Would you print only the lines running from the one with "This smart living" to the final line of the data below, word for word and without pictures?

**Collected material**
╔══
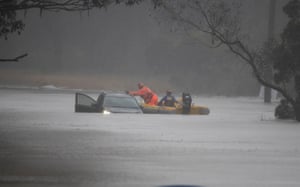 A State Emergency Service swift water rescue boat attends to Brian Russell’s car after rescuing him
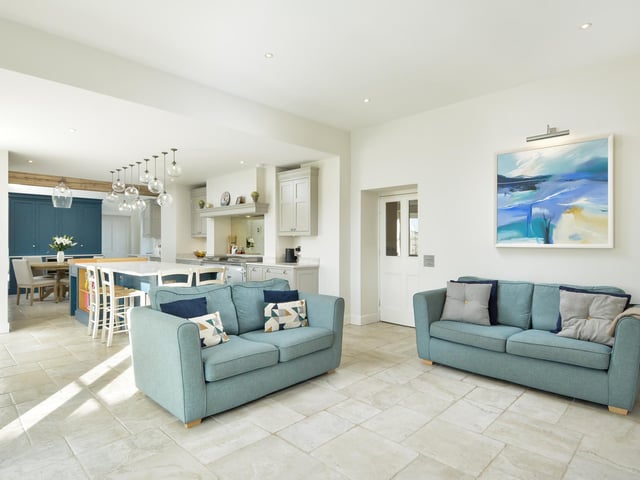 This smart living area leads off the kitchen-dining space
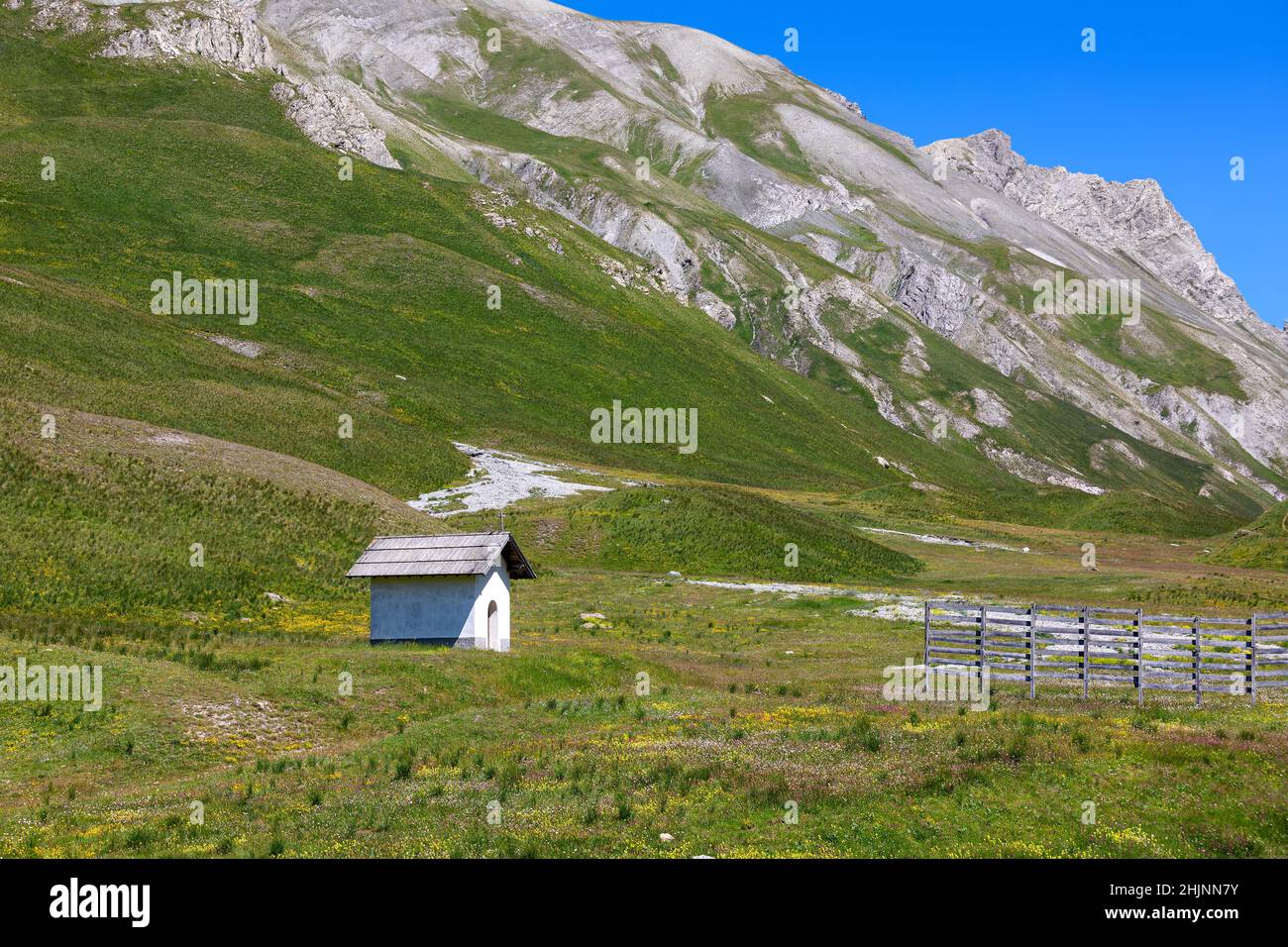 Small chapel on alpine meadow as mountains under blue sky on background at Colle della Maddalena in France. Stock Photo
╚══
**Answer for this exercise**
 This smart living area leads off the kitchen-dining space
 Small chapel on alpine meadow as mountains under blue sky on background at Colle della Maddalena in France. Stock Photo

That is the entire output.